PROBLEM DESCRIPTION: Nothing outside the range below should be printed. Output exactly the lines from the line with "Pillar Candle Set" to the line with "Sacola Para Presentes", both included.

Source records
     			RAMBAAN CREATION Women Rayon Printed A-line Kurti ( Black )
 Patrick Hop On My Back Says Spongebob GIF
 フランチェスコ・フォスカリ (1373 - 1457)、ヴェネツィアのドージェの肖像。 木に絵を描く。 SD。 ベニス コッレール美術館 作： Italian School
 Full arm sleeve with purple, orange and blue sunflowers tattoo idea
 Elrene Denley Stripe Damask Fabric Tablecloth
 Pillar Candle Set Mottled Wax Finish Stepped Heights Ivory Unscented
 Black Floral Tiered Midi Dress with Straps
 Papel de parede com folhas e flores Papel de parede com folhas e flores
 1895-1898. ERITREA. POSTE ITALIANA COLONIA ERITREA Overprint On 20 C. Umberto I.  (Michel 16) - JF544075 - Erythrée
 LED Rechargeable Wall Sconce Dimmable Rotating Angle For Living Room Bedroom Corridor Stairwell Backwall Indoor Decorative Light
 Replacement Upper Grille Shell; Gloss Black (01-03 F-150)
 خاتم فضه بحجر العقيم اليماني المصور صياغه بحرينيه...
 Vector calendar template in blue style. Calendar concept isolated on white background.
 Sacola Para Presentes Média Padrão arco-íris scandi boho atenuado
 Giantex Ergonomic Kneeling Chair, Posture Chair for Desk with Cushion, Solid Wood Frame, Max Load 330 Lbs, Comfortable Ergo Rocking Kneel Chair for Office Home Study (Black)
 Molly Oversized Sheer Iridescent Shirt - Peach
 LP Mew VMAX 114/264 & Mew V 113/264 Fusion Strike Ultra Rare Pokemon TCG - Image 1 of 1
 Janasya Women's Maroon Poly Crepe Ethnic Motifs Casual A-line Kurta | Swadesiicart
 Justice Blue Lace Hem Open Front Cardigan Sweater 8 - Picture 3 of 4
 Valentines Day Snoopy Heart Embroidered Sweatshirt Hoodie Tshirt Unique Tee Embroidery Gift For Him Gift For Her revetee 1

EXERCISE OUTPUT:
 Pillar Candle Set Mottled Wax Finish Stepped Heights Ivory Unscented
 Black Floral Tiered Midi Dress with Straps
 Papel de parede com folhas e flores Papel de parede com folhas e flores
 1895-1898. ERITREA. POSTE ITALIANA COLONIA ERITREA Overprint On 20 C. Umberto I.  (Michel 16) - JF544075 - Erythrée
 LED Rechargeable Wall Sconce Dimmable Rotating Angle For Living Room Bedroom Corridor Stairwell Backwall Indoor Decorative Light
 Replacement Upper Grille Shell; Gloss Black (01-03 F-150)
 خاتم فضه بحجر العقيم اليماني المصور صياغه بحرينيه...
 Vector calendar template in blue style. Calendar concept isolated on white background.
 Sacola Para Presentes Média Padrão arco-íris scandi boho atenuado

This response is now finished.